23. The alloy according to claim 22, characterized in that the ratio of (Ni + Co) / (Si-Cr / 5) is between about 3.5 and about 5.0.

24. The alloy according to claim 23, characterized in that the Ni / Co ratio is between about 3 and about 5.

25. The alloy according to claim 22, characterized in that the Ni / Co ratio is between about 3 and about 5.

26. A process for making a copper base alloy including nickel, silicon, cobalt and chromium, characterized in that it comprises: melt and empty the alloy; hot rolled from about 750 ° to about 1050 ° C; cold rolled to a suitable size for solution formation; annealing the alloy in solution, between about 800 ° and about 1050 ° C about 10 seconds to about one hour; Y subsequently quenching or quenching the alloy rapidly at room temperature to obtain an electrical conductivity of less than about 20% IACS (11.6 MS / m) and an equidimensional grain size of about 5-20 Ppi; Cold rolling the alloy for a reduction, from 0 to about 75% in thickness; subjecting the alloy to a hardening anneal of about 300 ° to about 600 ° C for about 10 minutes to about 10 hours; subsequently cold rolling the alloy by a reduction from about 10 to about 75% in thickness to a finishing gauge; subjecting the alloy to a second aging hardening anneal from 250 to about 500 ° C for about 10 minutes to about 10 hours to achieve this.

27. The process according to claim 26, characterized in that it also comprises an intermediate recrystallization annealing after hot rolling.

.28. The process according to claim 26, characterized in that the alloy consists essentially of between about 1.0 and about 6.0 percent in Ni weight; up to about 3.0 weight percent Co; between about 0.5 and about 2.0 weight percent Si; between about 0.01 and about 0.5 weight percent Mg; up to about 1.0 weight percent Cr; up to about 1.0 weight percent Sn / and up to about 1.0 weight percent Mn, the rest that is copper and impurities.

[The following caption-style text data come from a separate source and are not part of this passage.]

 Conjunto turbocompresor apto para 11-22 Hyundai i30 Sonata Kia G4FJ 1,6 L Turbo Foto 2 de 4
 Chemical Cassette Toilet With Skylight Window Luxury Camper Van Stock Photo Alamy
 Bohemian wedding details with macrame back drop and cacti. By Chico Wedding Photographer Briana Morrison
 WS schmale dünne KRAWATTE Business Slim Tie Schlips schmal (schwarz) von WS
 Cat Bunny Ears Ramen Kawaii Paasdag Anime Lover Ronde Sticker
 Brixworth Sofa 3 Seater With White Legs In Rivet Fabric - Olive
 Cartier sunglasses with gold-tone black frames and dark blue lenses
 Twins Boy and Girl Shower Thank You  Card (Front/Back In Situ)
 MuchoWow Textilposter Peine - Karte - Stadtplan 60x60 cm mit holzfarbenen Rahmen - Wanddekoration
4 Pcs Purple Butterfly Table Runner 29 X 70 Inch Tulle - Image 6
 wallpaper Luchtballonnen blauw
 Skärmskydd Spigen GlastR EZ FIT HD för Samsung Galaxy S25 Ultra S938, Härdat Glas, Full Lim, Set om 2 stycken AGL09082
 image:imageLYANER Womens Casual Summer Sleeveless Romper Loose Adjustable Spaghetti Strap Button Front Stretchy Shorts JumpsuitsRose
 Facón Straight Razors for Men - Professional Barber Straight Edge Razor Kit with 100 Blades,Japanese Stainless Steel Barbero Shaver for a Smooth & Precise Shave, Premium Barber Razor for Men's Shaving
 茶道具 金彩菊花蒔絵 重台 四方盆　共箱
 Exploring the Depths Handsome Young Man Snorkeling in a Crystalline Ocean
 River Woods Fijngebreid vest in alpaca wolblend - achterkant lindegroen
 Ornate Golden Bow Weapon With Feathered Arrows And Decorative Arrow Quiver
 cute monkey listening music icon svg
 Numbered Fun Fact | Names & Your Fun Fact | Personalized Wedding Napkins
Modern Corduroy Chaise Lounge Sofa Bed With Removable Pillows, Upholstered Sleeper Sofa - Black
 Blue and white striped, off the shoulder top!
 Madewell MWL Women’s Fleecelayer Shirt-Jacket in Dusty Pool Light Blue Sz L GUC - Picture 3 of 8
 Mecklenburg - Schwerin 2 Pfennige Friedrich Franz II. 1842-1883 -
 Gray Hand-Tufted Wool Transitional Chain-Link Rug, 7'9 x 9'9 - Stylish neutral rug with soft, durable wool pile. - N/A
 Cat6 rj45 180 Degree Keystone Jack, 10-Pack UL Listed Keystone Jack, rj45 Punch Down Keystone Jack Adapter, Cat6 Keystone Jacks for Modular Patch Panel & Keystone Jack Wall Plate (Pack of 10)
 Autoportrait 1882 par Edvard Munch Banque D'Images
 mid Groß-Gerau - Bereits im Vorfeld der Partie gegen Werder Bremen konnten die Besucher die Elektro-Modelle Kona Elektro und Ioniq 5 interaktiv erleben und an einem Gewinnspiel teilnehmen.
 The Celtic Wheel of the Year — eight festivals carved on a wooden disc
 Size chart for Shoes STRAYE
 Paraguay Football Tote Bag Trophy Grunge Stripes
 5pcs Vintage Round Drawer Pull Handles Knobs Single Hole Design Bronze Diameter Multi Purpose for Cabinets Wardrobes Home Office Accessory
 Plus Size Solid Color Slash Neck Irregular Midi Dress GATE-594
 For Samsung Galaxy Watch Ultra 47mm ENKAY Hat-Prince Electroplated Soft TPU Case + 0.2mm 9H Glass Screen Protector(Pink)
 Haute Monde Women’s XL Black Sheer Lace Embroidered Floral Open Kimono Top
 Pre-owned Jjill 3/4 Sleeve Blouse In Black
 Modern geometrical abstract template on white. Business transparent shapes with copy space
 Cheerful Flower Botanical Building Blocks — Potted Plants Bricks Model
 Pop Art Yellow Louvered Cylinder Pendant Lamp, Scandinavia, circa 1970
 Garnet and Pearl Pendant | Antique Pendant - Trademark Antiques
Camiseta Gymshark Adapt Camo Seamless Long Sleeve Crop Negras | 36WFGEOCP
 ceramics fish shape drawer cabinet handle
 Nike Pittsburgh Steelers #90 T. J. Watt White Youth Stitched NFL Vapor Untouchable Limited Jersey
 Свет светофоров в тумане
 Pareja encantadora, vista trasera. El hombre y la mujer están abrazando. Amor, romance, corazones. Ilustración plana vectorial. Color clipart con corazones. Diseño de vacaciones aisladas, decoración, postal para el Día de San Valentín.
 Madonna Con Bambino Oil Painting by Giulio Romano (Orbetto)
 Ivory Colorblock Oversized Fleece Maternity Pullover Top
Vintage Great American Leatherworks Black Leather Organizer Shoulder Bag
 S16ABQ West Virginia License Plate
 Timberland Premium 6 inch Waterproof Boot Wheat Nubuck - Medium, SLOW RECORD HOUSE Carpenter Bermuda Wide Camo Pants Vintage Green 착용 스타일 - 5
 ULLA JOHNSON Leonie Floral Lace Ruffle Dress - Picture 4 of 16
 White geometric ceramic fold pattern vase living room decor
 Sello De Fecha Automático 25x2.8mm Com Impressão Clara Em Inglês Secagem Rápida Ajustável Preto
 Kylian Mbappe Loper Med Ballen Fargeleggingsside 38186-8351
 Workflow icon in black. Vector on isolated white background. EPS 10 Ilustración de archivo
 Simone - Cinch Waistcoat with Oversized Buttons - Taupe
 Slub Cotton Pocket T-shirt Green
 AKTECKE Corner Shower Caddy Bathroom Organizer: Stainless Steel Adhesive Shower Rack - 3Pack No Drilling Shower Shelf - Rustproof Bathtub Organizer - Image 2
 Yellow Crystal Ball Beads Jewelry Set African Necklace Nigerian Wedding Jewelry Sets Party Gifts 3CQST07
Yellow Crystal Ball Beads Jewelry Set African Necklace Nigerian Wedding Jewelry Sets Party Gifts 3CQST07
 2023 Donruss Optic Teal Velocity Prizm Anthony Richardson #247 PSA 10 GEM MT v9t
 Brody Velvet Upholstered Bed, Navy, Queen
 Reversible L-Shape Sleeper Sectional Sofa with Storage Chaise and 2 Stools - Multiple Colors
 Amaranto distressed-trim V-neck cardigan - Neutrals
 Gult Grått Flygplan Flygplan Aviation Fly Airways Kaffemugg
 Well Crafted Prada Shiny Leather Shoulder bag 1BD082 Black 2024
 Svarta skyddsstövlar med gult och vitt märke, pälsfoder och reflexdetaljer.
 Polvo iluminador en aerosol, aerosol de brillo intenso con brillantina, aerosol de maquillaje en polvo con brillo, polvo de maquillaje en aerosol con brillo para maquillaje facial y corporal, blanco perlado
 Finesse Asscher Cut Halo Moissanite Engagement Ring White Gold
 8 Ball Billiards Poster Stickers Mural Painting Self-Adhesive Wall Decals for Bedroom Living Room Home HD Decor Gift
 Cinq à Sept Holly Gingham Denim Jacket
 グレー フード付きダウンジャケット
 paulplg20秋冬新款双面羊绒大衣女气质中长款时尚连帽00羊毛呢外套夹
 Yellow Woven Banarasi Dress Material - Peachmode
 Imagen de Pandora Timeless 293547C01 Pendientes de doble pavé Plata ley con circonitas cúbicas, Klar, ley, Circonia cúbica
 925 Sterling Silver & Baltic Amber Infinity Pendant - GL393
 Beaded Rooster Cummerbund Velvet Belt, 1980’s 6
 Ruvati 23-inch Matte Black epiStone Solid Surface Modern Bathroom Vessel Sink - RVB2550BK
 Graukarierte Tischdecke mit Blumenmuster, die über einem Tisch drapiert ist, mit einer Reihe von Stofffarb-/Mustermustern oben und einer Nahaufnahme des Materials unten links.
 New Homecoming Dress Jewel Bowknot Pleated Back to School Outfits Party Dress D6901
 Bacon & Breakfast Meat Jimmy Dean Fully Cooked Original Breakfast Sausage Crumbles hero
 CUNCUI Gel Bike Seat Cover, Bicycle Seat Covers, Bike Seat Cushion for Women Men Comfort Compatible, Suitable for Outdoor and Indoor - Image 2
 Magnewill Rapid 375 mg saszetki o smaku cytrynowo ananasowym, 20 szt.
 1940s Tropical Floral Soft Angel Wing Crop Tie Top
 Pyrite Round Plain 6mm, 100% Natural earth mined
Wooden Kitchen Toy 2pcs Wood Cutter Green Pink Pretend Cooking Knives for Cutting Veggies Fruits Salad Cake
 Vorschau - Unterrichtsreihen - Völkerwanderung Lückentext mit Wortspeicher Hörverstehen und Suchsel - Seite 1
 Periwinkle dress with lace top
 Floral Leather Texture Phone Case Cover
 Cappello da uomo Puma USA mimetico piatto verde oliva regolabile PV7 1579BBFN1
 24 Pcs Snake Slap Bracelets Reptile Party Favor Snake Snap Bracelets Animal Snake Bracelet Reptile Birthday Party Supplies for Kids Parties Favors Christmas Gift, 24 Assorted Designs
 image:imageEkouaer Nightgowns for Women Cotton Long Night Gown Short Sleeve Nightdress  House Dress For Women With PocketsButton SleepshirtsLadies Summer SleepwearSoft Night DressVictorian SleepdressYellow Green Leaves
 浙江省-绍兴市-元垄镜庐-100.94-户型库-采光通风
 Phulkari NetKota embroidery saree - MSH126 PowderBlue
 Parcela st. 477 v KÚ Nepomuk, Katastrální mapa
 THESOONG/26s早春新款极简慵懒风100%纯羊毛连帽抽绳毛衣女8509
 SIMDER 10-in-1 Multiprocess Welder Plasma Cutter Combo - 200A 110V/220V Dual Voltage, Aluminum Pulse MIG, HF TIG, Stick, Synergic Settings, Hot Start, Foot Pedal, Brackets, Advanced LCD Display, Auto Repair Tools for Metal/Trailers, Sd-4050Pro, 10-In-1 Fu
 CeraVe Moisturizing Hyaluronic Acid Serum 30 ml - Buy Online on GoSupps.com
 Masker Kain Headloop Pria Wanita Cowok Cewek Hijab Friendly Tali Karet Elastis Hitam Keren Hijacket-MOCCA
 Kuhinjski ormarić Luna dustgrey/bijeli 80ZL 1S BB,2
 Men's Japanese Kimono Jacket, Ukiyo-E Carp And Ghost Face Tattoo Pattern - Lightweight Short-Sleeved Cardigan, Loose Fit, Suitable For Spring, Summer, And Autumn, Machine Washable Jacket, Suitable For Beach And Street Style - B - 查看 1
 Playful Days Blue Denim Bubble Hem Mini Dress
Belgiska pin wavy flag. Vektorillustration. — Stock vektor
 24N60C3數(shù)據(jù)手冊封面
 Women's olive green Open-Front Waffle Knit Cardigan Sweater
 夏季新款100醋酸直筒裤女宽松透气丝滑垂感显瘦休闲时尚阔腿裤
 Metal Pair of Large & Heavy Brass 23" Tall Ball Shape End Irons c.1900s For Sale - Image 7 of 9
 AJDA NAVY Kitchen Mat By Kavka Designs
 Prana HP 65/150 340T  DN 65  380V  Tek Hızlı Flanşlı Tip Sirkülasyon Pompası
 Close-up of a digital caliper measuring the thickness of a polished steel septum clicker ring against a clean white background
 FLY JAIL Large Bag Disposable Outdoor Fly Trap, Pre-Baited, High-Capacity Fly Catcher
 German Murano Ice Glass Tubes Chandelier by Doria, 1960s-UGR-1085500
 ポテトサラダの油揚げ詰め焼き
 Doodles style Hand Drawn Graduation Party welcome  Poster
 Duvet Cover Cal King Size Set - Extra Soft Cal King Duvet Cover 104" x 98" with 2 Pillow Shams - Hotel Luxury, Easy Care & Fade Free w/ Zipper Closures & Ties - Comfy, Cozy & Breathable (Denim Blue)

29. The process according to claim 28, characterized in that the alloy consists essentially of: between about 3.0 and about 5.0 weight percent Ni; up to about 2.0 weight percent Co; between about 0.7 and about 1.5 weight percent Si; between about 0.03 and about 0.25 weight percent Mg; to about 0.6 weight percent Cr; up to about 1.0 weight percent Sn, and up to about 1.0 weight percent Mn, the rest; which is copper and unavoidable impurities.

30. The process in accordance with the claim 29, characterized in that the ratio of (Ni + Co) / (Si-Cr / 5) which is between about 3 and about 7.:

31. The process according to claim 29, characterized in that the alloy comprises between about 3.5 and about 3.9 weight percent Ni; between about 0.8 and about 1.0 weight percent of Co; between about 1.0 and about 1.2 weight percent Si; between about 0.05 and about 0.15 weight percent Mg; to about 0.1 weight percent Cr; up to about 1.0 weight percent Sn, and up to about 1.0 weight percent Mn, the rest that is copper and impurities.